> SOURCE MATERIAL
===============

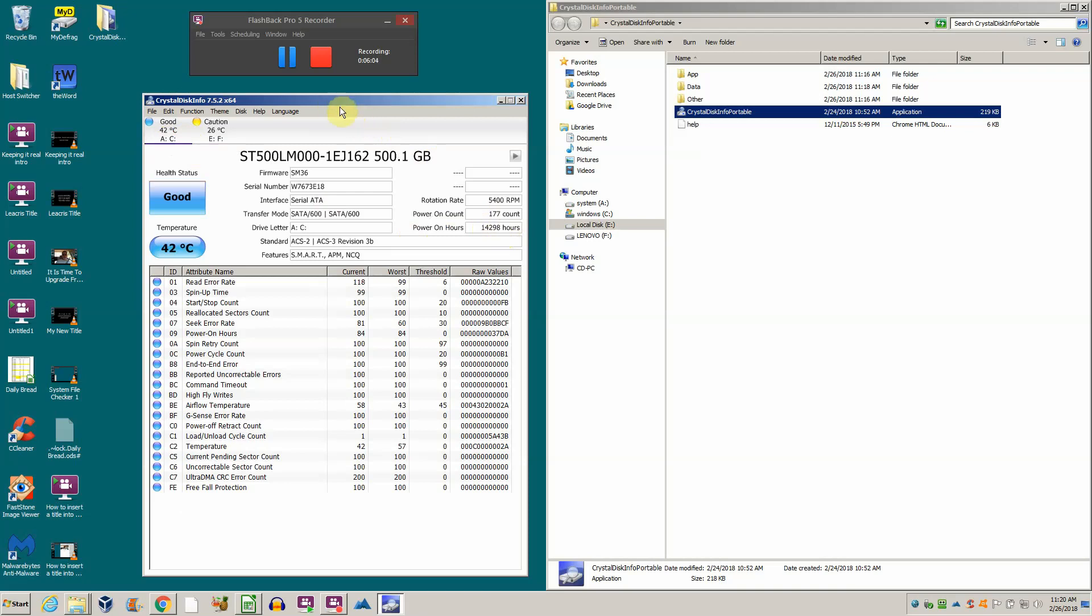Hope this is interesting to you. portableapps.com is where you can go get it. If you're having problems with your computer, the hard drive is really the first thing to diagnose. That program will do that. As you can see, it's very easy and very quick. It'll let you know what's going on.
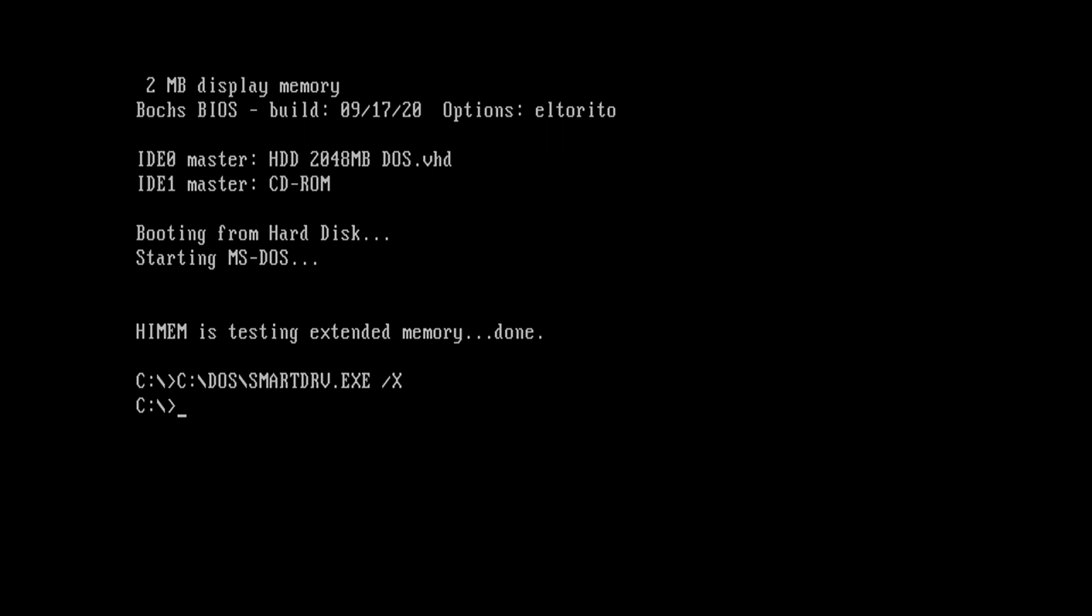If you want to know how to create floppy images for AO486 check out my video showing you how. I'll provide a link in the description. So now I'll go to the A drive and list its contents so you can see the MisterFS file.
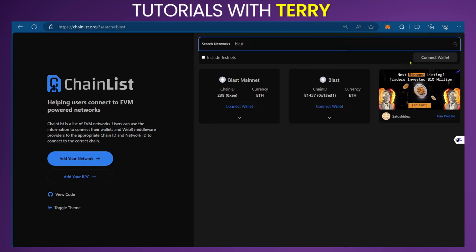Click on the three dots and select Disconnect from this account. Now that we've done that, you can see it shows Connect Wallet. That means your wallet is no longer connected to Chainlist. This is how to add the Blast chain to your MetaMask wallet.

===============

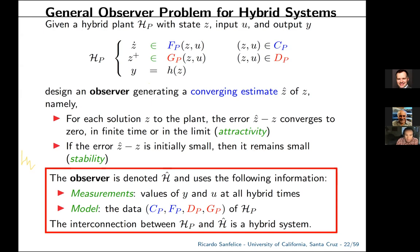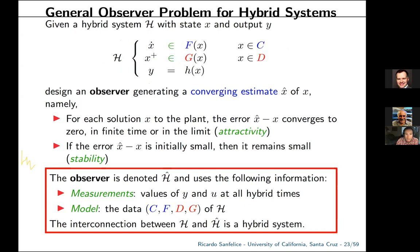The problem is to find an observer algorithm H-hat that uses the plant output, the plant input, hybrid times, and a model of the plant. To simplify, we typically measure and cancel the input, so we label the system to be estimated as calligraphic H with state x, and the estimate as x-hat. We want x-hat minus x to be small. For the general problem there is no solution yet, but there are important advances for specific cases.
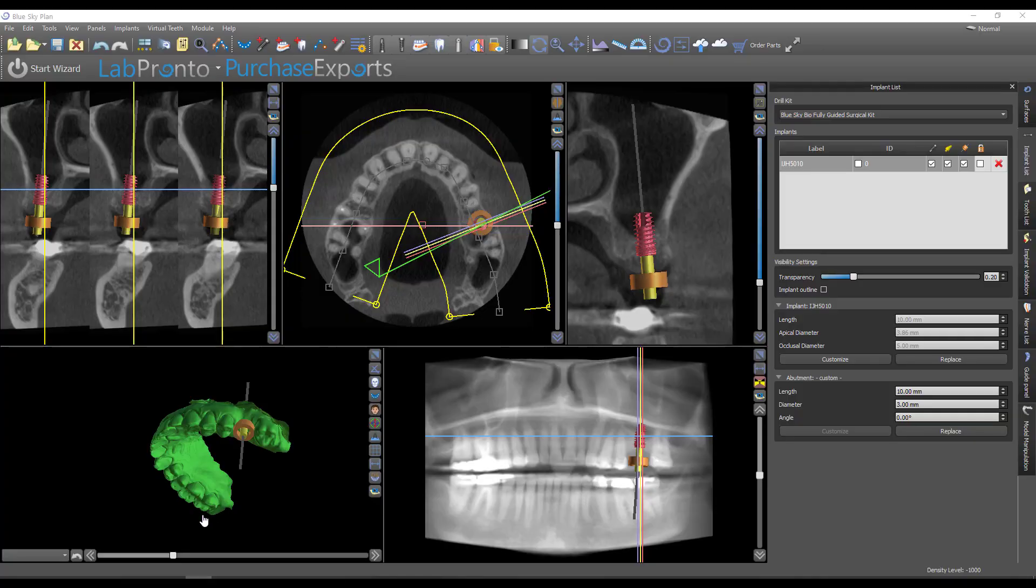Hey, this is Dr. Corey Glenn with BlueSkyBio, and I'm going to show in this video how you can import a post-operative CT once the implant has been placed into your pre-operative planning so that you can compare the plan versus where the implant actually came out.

===============

> PROBLEM STATEMENT
Exact repeat of the material above: every line from the one with "Hope this is" through the one with "Click on the", endpoints included, and nothing more. No pictures.

> RESPONSE FOR THIS EXERCISE
Hope this is interesting to you. portableapps.com is where you can go get it. If you're having problems with your computer, the hard drive is really the first thing to diagnose. That program will do that. As you can see, it's very easy and very quick. It'll let you know what's going on.
If you want to know how to create floppy images for AO486 check out my video showing you how. I'll provide a link in the description. So now I'll go to the A drive and list its contents so you can see the MisterFS file.
Click on the three dots and select Disconnect from this account. Now that we've done that, you can see it shows Connect Wallet. That means your wallet is no longer connected to Chainlist. This is how to add the Blast chain to your MetaMask wallet.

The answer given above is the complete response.